I checked Bob's Bible and didn't find it, so I blew up the pic on ebay. I would say its a yellow with the purple painted on.. Done well also except the CG on the side the G has what looks like a paint smear on it. I in no way profess to have any idea what I am talking about. So I may be wrong it maye be the only one ever made and worth a gazillion Joe Dollors or it just may be someones project car from 1969 back when Bill was thinking about retiring and Bob had found his first spray can...


Dave


----------



## slotcarman12078 (Oct 3, 2008)

I'm no expert, and don't have access to stuff like Bob Beers book, so I can only rely on stuff like MEV's website for info... http://www.tjets.com/ go to Tjet shrine, and scroll down on left.. That yellow willys gasser is a rarity 4 out of 10, and desireability 5. So it's about middle of the road from a collectability standpoint.


----------



## coach61 (Sep 6, 2004)

http://www.tjets.com/towillys.htm


----------



## tamiyatim (May 2, 2007)

thanks for the input guys... that helps a lot... I wanna put in on ePay but wasn't sure how rare, or desireable it was...
Thanks again guys, this forum is great!! I always get a good answer!!!


----------



## slotcarman12078 (Oct 3, 2008)

Anytime I thought of selling on the bay I always scoured the listings of similar items and watched them. It isn't a fool proof method of guesstimating value, as the buying public are fickle with alot of items. A couple of uninformed buyers can bid the value of one item to ungodly proportions, and the same type item will sit without a bid til the last few seconds and sell for the opening bid. 

There is also the supply and demand syndrome... Only one specialized item listed will drive the price up high. Sellers see the price escalate to new highs and flood the market with similar items and no one gets near the same price.. I noticed this with Aurora RR Xings.. The selling price fluctuated like crazy...I've seen them sell for $20.00.. and go up to $65.00.. It just depends on how many are listed..

You can never tell...


----------



## resinmonger (Mar 5, 2008)

You could start by listing your Willys in the Swap/Sell section of HT. You might be able to sell it for a decent price and save the listing fees from the bay.

Of course you could wait two days and see how desparate the bay-types are for the one now listed. If it goes big, the second highest bidder will still be out there.

I'm just saying. :drunk::hat::freak::dude:


----------



## Bill Hall (Jan 6, 2007)

Unfortunately it's not the correct chassis. Should be on a silver plate, tall geared, tuffy chassis with little sponge fats on the rear and the early independent front axle.

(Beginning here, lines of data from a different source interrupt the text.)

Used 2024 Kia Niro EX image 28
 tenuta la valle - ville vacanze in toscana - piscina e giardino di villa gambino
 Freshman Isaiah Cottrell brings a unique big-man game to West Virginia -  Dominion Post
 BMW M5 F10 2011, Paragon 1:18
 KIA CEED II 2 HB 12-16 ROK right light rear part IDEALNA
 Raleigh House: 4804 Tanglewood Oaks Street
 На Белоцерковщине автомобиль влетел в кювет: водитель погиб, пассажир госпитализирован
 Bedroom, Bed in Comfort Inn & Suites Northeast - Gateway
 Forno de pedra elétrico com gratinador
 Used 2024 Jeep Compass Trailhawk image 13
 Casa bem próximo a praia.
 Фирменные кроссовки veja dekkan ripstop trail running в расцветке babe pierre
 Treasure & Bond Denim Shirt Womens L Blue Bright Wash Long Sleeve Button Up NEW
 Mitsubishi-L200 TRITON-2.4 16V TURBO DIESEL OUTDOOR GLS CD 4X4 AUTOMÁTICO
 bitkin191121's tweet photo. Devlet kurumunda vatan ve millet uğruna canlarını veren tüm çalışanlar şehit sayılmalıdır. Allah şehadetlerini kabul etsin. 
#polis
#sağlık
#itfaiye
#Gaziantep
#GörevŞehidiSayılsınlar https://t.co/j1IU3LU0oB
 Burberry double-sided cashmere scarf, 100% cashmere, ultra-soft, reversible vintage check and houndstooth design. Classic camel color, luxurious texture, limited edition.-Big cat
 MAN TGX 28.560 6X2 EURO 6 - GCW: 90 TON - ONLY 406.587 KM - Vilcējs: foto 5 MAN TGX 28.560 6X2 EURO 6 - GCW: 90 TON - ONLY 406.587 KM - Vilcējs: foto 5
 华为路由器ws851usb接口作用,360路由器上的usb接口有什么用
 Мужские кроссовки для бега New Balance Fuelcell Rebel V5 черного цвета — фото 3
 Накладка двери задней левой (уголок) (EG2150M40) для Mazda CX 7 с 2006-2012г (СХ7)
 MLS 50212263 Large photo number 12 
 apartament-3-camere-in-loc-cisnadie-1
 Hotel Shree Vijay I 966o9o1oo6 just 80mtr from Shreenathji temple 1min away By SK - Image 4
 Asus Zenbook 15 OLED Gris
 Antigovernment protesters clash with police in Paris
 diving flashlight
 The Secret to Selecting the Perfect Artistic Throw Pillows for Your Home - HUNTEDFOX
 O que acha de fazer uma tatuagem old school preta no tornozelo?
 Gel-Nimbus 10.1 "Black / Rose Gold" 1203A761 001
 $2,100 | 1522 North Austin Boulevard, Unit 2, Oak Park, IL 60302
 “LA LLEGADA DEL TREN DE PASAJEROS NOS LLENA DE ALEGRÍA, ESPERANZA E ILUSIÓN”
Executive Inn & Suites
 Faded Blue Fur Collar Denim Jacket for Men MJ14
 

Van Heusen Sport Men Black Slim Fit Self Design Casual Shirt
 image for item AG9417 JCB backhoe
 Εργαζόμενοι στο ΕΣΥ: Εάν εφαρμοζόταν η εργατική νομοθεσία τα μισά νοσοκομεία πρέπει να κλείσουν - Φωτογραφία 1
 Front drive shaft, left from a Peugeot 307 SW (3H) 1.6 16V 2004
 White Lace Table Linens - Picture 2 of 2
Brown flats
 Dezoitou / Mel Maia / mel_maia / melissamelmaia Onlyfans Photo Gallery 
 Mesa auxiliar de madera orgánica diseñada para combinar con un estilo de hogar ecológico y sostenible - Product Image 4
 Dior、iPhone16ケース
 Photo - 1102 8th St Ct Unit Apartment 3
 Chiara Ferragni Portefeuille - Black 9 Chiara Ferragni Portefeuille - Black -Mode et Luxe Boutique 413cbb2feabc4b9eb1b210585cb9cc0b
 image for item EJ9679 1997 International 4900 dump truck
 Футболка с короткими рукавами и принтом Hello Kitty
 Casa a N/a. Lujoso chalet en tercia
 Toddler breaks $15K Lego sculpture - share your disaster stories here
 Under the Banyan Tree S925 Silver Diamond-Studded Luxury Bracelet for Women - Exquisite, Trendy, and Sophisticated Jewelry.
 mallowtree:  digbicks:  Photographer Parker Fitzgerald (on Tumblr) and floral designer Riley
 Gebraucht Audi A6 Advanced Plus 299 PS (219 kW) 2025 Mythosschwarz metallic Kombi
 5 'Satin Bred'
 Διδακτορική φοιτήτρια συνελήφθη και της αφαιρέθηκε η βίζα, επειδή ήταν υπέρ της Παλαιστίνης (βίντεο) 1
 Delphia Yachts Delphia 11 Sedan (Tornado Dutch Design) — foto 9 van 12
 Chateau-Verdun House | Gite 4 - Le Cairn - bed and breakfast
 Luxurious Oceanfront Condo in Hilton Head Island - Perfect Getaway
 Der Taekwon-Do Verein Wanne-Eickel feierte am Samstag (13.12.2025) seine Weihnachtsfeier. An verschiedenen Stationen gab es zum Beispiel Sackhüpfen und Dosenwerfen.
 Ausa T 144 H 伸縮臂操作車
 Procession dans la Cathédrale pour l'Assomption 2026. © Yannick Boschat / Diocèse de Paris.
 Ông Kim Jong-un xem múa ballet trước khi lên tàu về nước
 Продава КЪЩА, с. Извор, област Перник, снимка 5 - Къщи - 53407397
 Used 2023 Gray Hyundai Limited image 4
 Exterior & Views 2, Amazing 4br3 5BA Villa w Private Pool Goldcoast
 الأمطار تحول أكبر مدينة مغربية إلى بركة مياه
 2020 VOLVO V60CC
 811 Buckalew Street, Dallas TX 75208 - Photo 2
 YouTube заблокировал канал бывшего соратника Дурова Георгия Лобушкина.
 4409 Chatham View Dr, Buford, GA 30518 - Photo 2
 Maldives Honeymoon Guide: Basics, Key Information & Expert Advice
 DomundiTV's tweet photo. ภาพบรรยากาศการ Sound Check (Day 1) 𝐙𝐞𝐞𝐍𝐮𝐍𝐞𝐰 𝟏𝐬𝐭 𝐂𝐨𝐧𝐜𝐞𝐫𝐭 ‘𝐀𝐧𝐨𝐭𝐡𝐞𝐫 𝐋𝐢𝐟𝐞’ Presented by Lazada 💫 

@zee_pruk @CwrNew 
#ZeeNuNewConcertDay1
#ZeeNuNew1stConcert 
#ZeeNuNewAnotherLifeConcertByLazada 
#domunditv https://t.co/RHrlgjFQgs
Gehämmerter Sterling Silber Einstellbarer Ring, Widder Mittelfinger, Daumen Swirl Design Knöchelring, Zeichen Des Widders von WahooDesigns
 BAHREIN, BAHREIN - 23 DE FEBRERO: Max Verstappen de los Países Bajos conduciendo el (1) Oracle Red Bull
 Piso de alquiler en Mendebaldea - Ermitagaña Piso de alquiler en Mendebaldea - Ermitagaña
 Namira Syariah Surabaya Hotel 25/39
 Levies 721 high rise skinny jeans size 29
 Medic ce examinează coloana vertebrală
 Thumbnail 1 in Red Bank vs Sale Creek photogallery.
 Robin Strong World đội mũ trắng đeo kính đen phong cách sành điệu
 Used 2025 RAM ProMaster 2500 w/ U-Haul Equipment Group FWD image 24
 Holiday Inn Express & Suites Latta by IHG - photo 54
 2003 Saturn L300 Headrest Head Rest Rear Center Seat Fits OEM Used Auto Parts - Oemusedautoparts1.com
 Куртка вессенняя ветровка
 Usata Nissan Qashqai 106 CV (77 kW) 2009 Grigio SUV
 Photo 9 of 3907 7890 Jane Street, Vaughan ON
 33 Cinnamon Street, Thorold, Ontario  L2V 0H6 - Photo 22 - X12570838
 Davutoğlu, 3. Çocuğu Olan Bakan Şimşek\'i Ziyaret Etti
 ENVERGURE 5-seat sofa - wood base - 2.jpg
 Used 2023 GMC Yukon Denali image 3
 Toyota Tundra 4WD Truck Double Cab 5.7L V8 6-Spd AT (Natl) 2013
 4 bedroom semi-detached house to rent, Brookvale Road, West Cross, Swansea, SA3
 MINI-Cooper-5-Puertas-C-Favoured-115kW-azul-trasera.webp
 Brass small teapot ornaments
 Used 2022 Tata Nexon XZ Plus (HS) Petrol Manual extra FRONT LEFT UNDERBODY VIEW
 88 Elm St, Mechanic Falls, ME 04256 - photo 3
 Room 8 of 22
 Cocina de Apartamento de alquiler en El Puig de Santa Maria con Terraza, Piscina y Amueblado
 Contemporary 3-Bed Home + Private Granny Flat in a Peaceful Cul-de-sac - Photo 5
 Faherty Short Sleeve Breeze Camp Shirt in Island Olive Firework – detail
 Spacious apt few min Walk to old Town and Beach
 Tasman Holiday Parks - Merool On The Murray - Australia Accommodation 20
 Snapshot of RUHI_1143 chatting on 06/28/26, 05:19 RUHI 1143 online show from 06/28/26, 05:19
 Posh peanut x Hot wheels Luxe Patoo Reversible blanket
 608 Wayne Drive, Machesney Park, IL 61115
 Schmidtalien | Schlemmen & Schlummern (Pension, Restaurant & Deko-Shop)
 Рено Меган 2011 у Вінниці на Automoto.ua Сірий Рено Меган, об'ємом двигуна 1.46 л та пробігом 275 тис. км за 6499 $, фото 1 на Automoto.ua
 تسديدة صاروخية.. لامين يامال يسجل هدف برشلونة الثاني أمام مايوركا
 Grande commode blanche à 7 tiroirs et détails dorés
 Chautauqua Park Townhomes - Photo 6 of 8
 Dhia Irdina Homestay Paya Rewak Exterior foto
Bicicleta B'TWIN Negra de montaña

Purple graphics come two ways; light and dark, those APPEAR to be the lighter version.
These are a little rough around the edges with playwear. It is a popular version, however probably no more than just a bit above middle of the road rare.

Good luck on yer auction!


----------



## SplitPoster (May 16, 2006)

Bill is the source - go with what he says!

None of the Aurora Willys are the most common of T jets, neither are any very rare. The least common are dark green and blue versions - true with many t jets. The Tuff Ones version (which that one is) is among the most common, meaning middle of the road over all in the Aurora world. 

Not uncommon for Willys to have the windshield removed (and it should be dark tinted on that version), the fenders trimmed for big slicks, and/or the rear push bar neatly broken off.


----------



## Marko (Jul 11, 2002)

It will probably sell in the 40.00 range depending on who is looking and when. It is fairly common, at least in my area.


----------